Smith County and Tyler seek to team up on downtown planning, government services
Published 5:15 pm Thursday, September 20, 2018
- A view of downtown Tyler from the Plaza Tower building in 2018. (File/Tyler Morning Telegraph)
Smith County and the city of Tyler are seeking to start initiatives to have the two governments work together on issues within city limits.
The goals are twofold: bring people together to discuss downtown Tyler revitalization and begin ongoing discussions on how to improve services that the county and city both provide.
The Smith County Commissioners Court and the Tyler City Council will have a joint meeting at 3:30 p.m. Thursday at the Smith County Courthouse Annex Building, where members will discuss entering into agreements that involve county-city cooperation.
Smith County Judge Nathaniel Moran and Tyler Mayor Martin Heines announced the initiatives Thursday in a meeting with the Tyler Morning Telegraph editorial board. Public notices of the meeting are forthcoming, they said.
A proposed task force would meet quarterly to discuss ways that the county and city can work together to save money, Moran said. That would mean looking critically at places where both governments are providing services to the same people.
The county and city would each appoint three people to the task force. The appointees are likely to be a mix of elected officials and high-level government staffers in finance and purchasing, Moran and Heines said.
“As Tyler has continued to grow, we need to interact with our county government, and we need to look at models from all over this country that counties and cities have formulated to actually (have) the best, cost-effective approach for their citizens,” Heines said.
“What can the county and the city government do to share costs, to purchase items together, and be a larger purchasing agent to get lower costs for the taxpayers?” he added. “What are the different departments that we can actually interact with?”
Moran said he talks to Heines regularly about what’s going on in the county and the city.

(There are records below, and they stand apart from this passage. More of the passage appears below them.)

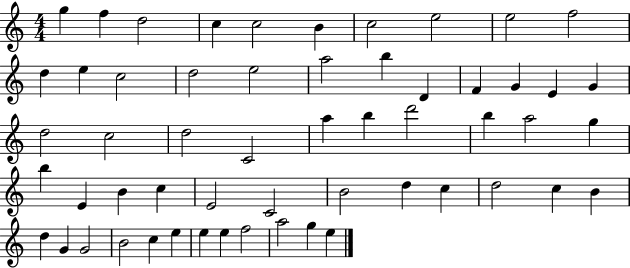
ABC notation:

X:1
T:Untitled
M:4/4
L:1/4
K:C
g f d2 c c2 B c2 e2 e2 f2 d e c2 d2 e2 a2 b D F G E G d2 c2 d2 C2 a b d'2 b a2 g b E B c E2 C2 B2 d c d2 c B d G G2 B2 c e e e f2 a2 g e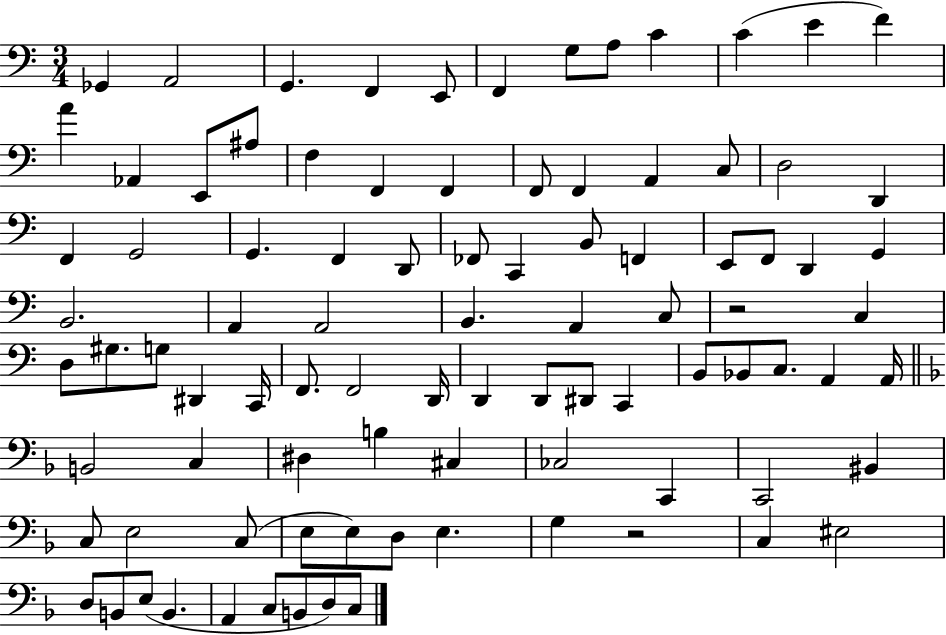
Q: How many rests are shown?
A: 2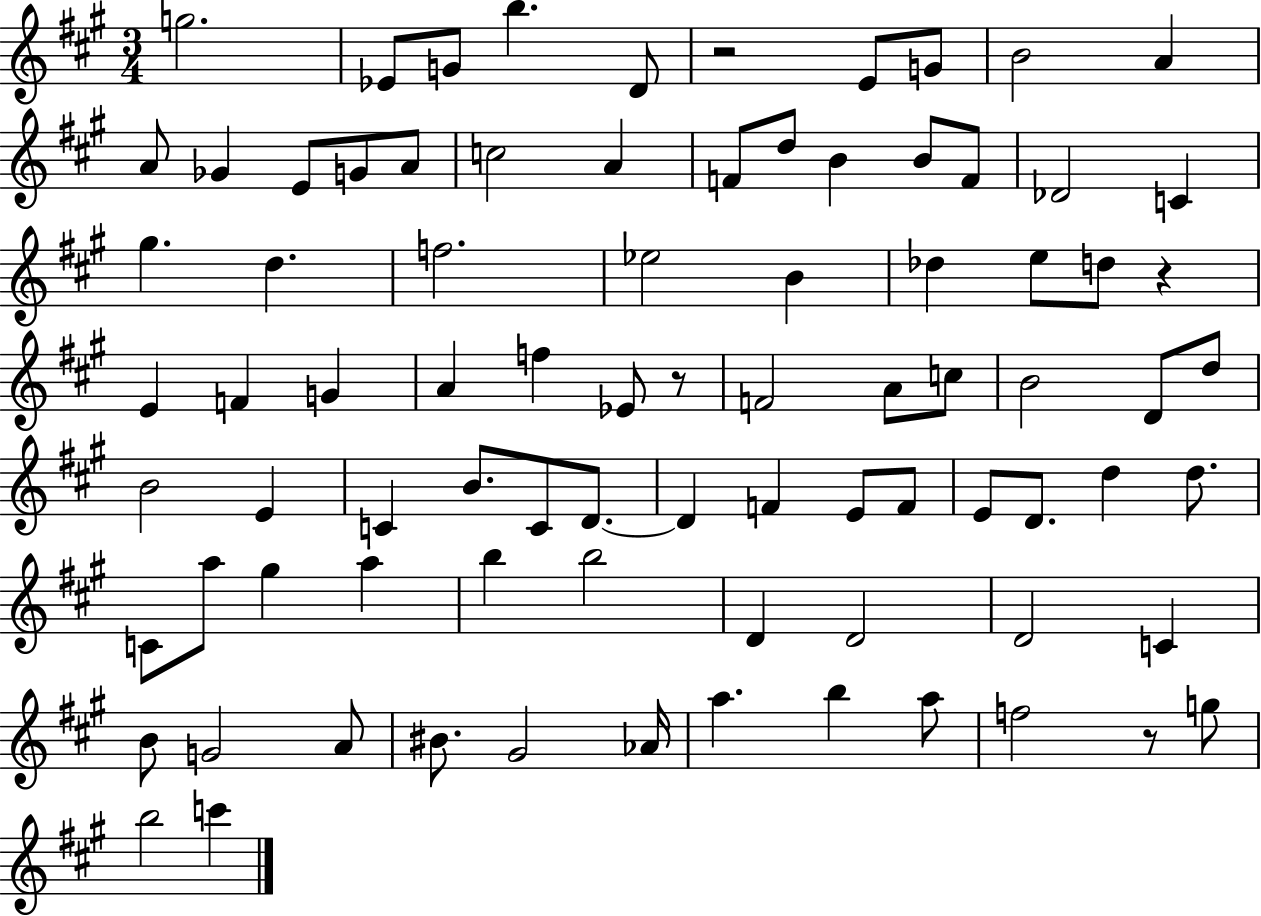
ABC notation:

X:1
T:Untitled
M:3/4
L:1/4
K:A
g2 _E/2 G/2 b D/2 z2 E/2 G/2 B2 A A/2 _G E/2 G/2 A/2 c2 A F/2 d/2 B B/2 F/2 _D2 C ^g d f2 _e2 B _d e/2 d/2 z E F G A f _E/2 z/2 F2 A/2 c/2 B2 D/2 d/2 B2 E C B/2 C/2 D/2 D F E/2 F/2 E/2 D/2 d d/2 C/2 a/2 ^g a b b2 D D2 D2 C B/2 G2 A/2 ^B/2 ^G2 _A/4 a b a/2 f2 z/2 g/2 b2 c'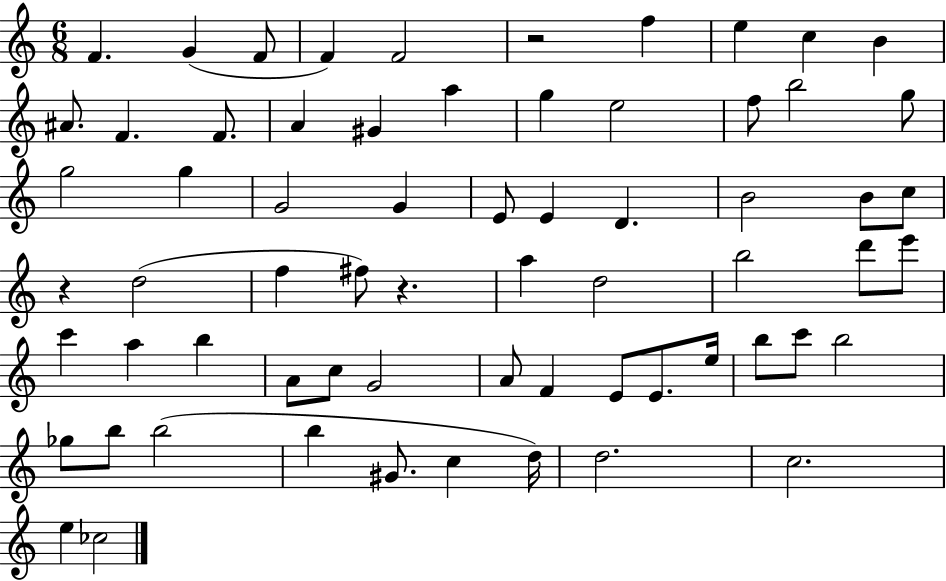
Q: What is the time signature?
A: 6/8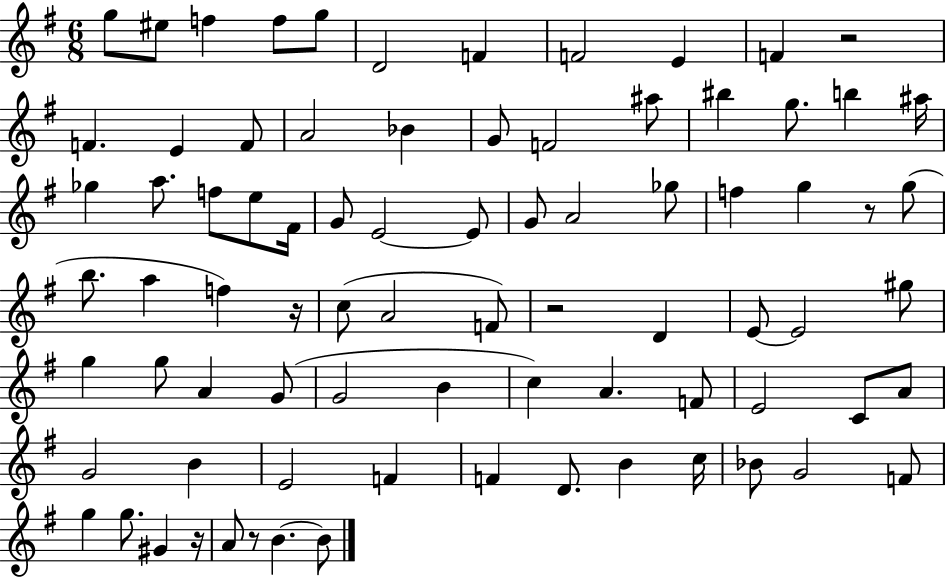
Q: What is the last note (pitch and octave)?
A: B4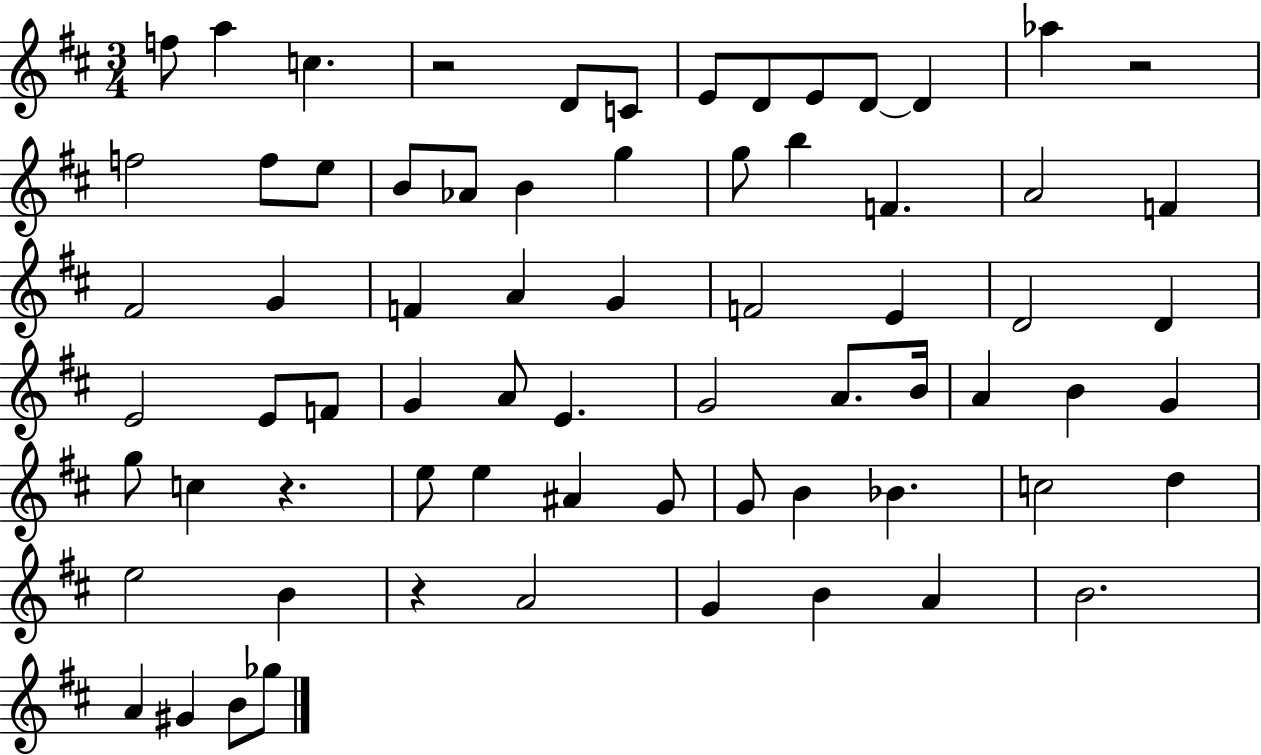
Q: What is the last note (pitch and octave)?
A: Gb5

Moran said the discussions have been informal so far, and now they want to have intentional calendar discussions about county and city business.
“Those types of discussions have helped, I think, the relationship between the county and the city tremendously in the last couple of years, but we want to kind of formalize the coalescing of those two governmental institutions,” Moran said.
Smith County had a population of about 227,000 in 2017, according to the U.S. Census Bureau. That year, Tyler’s population was just under 105,000, or a little less than half of the county population, according to the Census Bureau.
A separate coalition would look at ways to encourage economic development in downtown Tyler. That coalition will include leaders in business and higher education, and leaders in cities such as Whitehouse, Bullard and Lindale, among others.
“We’re going to likely hire a company called Retail Coach that will help in economic analysis and development from the retail side,” Moran said. The Mississippi-based company specializes in helping communities recruit retailers, according to its website.
Moran said the county has an interest in developing downtown Tyler because economic activity in the city’s core affects the rest of the county. Additionally, he said the county is the largest single owner of downtown property.
The Smith County courthouse on North Broadway Avenue and the Smith County Jail on East Elm Street are two major county government buildings located downtown. The Smith County Sheriff’s Office is on North Spring Avenue, and the county owns a strip of office buildings on East Ferguson Street.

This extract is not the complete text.